Monday, July 23, 2012

As The Sun Descends

My Turkish friend drew on his pipe as he explained what the roads were like in the Shehar area near the mountain village of Taif. His words gave rise to anxious anticipation and captured my imagination of what layed ahead in the area south west of this ancient village. Tomorrow would be my first trek into an area that remained untouched by western man. For hundreds of years the outside world had left these back mountain recesses unexplored by outsiders. We have no preplanned itinerary. Our only plan was a long ramble on our dirt bikes, among the chain of mountains that lie south westward through the Shehar area. This was exactly how I liked it, it leaves little room for disappointment.

Early the next morning, our small group heads out of town, following a dirt road along the bank of a dry wadi (river) between two lines of craggy hills. The road has many rises and descents as it begins to twist up along side of the mountains. Each turn offers something different as we penetrate farther back. The odor of things green loads the breeze. Sawtooth mountains of red and brown rocks lacerate the sky. The primeval beauty of the region becomes more and more incredible the farther back we go. Sparsely spread among the valleys and jagged hills are ancient rock houses and towers, We stop near an old rock fort and tower to check out the view.
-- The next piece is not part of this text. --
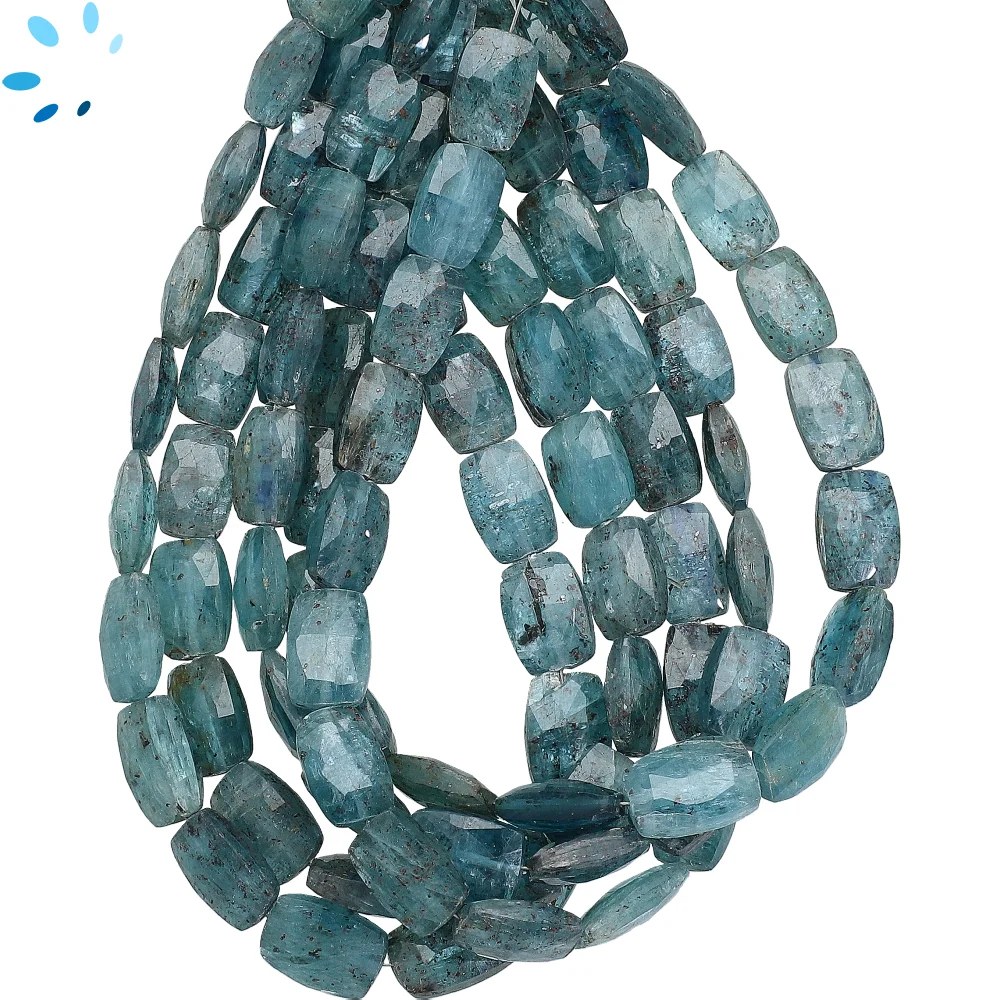 Teal Blue Kyanite Faceted Rectangle Top to Bottom Drilled Beads 9x7 - 10x8mm - 8 Inch Strand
We are on the apex of a mountain ridge beholding the view of the choice unspoiled valley below.

It was like we had stepped into a time machine that's carried us hundreds of years back as we watch sheppard's herding sheep along a mountain. The scene has erased the line between and past and present. Here in these tranquil mountains there is a quite so complete that time itself has ceased to roll on. It too stopped and waited . No city racket with flashing neon signs and restless competition that gets in at every opening jolting to pieces our very souls.

We had bagged one of the treasures of Arabia and rode home with our eyes to  the sun as it descended into the mountains.   Jack J. Johnstone

Friday, July 20, 2012

Reflections In The Bike Riders Eye



Reflections In The Bike Riders Eye

Feeling the encroachment of that catastrophe of boredom, anxious to escape what was an island solitude, we put on our boots mounted up riding straightaway into that parched infinity beyond. My riding partner was from Los Angeles, a veteran of dirt bike riding treks into Death Valley and the Mojave Deserts. He had rode with Steve McQueen, an avid dirt bike rider.
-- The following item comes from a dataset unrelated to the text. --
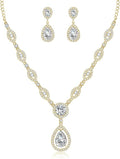 GULICX AAA Cubic Zirconia CZ Silver Plated Base Women's Party Jewelry Set Earrings Pendant Necklace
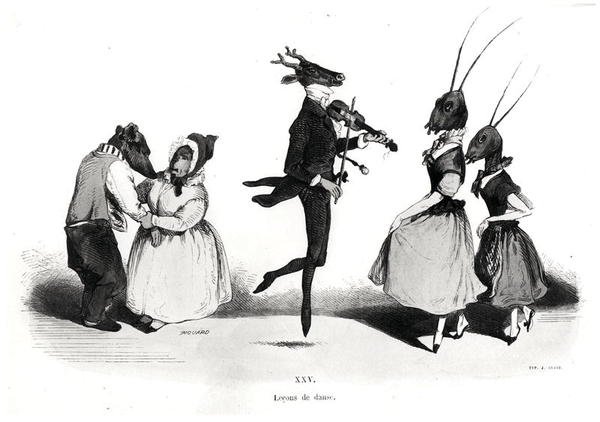 Pár psů ze série Les Metamorphoses du Jour od Grandville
In those days the desert surrounding Al Khobar and Dhahran was still virgin territory, few foreigners had traversed this brutal terrain. The big dunes had not been fenced off and it was indeed a huge ocean of sand. The desert lured us into leaving the main roads. So there we were on a road that was no more a road, dissolved and broken off, leading into a land of unending harshness."Desert is a loose term to indicate land that supports no man", we are no more than a tenacious intruder irresistibly drawn by its challenging brutality, but man on a machine can only tame the desert here and there, and only momentarily, for within a day the wind will erase all tracks, of where we have been on its vast and overwhelming landscape.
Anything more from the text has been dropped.